Daddy Love looked out over our burning church and saw that in the corner there was someone left, a boy lying on the floor, clutching his ankle, cringing in pain, the joint spilling blood that was a red much fuller and blacker than that of the yellowish red of the fire racing toward him from all sides.
"Daddy! Fly down! Save me!" the boy screamed out.
Daddy struggled again to free himself and succeeded only in making his robe fall full open so the boy could see he had on a cheap pair of white cotton briefs.
"Daddy!" the boy bawled like a babe. "Save me, Daddy! Aaahh!"
Then Daddy Love stopped squriming, wiped his sweaty face, closed his eyes, and bowed his giant head in prayer. He felt not the fire leaping and licking from all sides at his toes and neck and ass, but only the need to call on the Lord. "Father!" he screamed out above the deafening cackles of the burning building. "Have I strayed? Have I gone wrong in trying to give my flock the sunshine they need to get through, to get through the days, to get through the jungles keeping them from happiness? Hath I erred in trying to use your name and your teachings to show my flock how to be happier and freer and more loving? Have I not employed your name to make lives brighter? Lord, any mortal can see a man's fall, but only you know his internal struggling, the tears shed in the midnight of his soul. Please Lord, don't take the boy. Reach down and touch us now!"

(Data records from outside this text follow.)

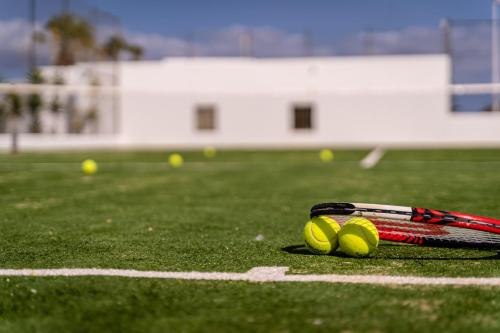 a tennis racket and three tennis balls on a court at Hotel Lanzarote Village in Puerto del Carmen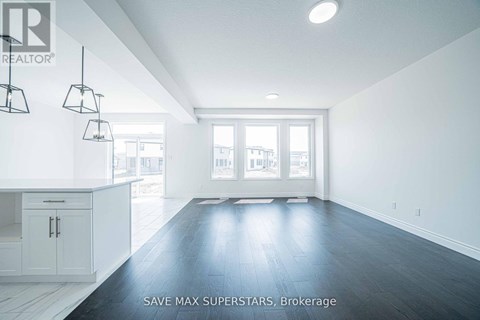 A spacious room with a kitchen area and a large window.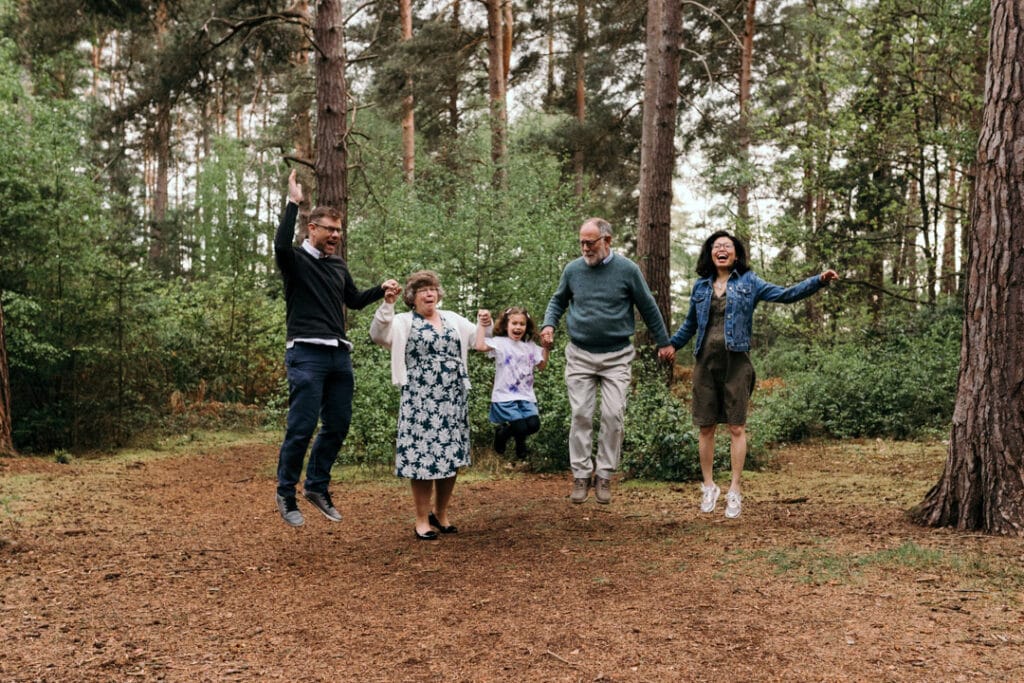 Family is holding hands and jumping in the air. Lovely family connection. They are in the woods with lovely trees behind them. Family photographer in Basingstoke, Hampshire. Ewa Jones Photography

Daddy looked into the corner, but a blindingly yellow patch of flames had taken it over. Inside his giant chest, hot tears began shaking loose. Then he looked up. The boy was floating slowly and calmly in the air, ten feet, twenty, forty, up toward the ceiling, out of the reach of the fire on each wall, snatching out at him and missing. Soon he reached the ceiling. Fire had chomped at almost every inch of wall and crevice of floor and the boy floated through a fire-eaten hole in the ceiling and landed on a part of the roof. He looked back through the hole at Daddy Love, fire from everywhere closing in on him as he dangled helplessly in midair. Daddy looked at the boy and mouthed, Don't linger now. The boy leapt from the roof half a moment before it caved in and landed squarely on the KFC sign. As they crowded in the parking lot around Kentucky Fried Souls and watched the walls of the church crash in on one another, leaving the immense palace a huge pile of blackened rubble, a rumor began slithering through the crowd--Girrrl, Daddy ain't gilded lil Lily . . . was that no-good Bishop! Meanwhile, the boy sat safely, waving gleefully, sixty feet up, atop the portrait of that good ol neo-massa Colonel Sanders, as a fractured but breathing memory of Daddy Love began its ascent into rare air.